What changed
RBI issued a specific alert about a fraud involving M/s Ahaana Computers, a sole proprietor firm, at a cooperative bank in Tamil Nadu. The fraud exploited unfettered vendor access under an Annual Maintenance Contract and total bank dependency on the firm for computer operations.
What it means for you
Banks must reassess IT outsourcing risks, especially vendor access rights and staff training. The case highlights dangers of poor housekeeping, lack of periodic balancing, and inadequate controls. Lenders should ensure in-house staff can operate systems independently to avoid vendor lock-in.
What you must do
- Review all IT outsourcing contracts to limit vendor access to only necessary functions.
- Train bank staff on software operations to reduce dependency on external vendors.
- Strengthen internal controls, including periodic book balancing and housekeeping checks.
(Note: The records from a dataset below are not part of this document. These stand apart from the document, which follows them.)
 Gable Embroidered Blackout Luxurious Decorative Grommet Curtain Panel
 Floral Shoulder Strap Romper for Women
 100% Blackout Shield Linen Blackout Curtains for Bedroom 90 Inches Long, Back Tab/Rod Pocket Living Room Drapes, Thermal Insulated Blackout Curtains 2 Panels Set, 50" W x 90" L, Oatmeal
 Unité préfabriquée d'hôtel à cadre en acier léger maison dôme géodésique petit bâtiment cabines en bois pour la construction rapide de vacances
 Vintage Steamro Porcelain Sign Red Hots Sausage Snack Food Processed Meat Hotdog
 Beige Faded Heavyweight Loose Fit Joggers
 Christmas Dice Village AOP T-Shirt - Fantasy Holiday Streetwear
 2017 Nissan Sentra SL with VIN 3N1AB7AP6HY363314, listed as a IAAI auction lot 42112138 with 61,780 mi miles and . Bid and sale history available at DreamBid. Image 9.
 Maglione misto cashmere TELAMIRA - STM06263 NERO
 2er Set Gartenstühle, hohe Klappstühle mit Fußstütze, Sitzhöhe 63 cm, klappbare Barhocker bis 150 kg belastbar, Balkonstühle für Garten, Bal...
- Exercise caution when dealing with M/s Ahaana Computers or similar sole proprietor IT firms.
Who it affects
All banks with IT outsourcing arrangements, Cooperative banks relying on external software vendors, Bank IT and risk management teams
What specific fraud is RBI alerting about?
A fraud by M/s Ahaana Computers, a sole proprietor firm, at a cooperative bank in Tamil Nadu, due to unfettered access under an AMC and total bank dependency on the firm.
What key controls failed in this case?
Staff lacked knowledge of software operations, controls were inadequate, housekeeping was poor, and periodic balancing of books was not conducted.
What should banks do to prevent similar frauds?
Review IT outsourcing controls, limit vendor access, train staff on system operations, and ensure regular internal checks like book balancing.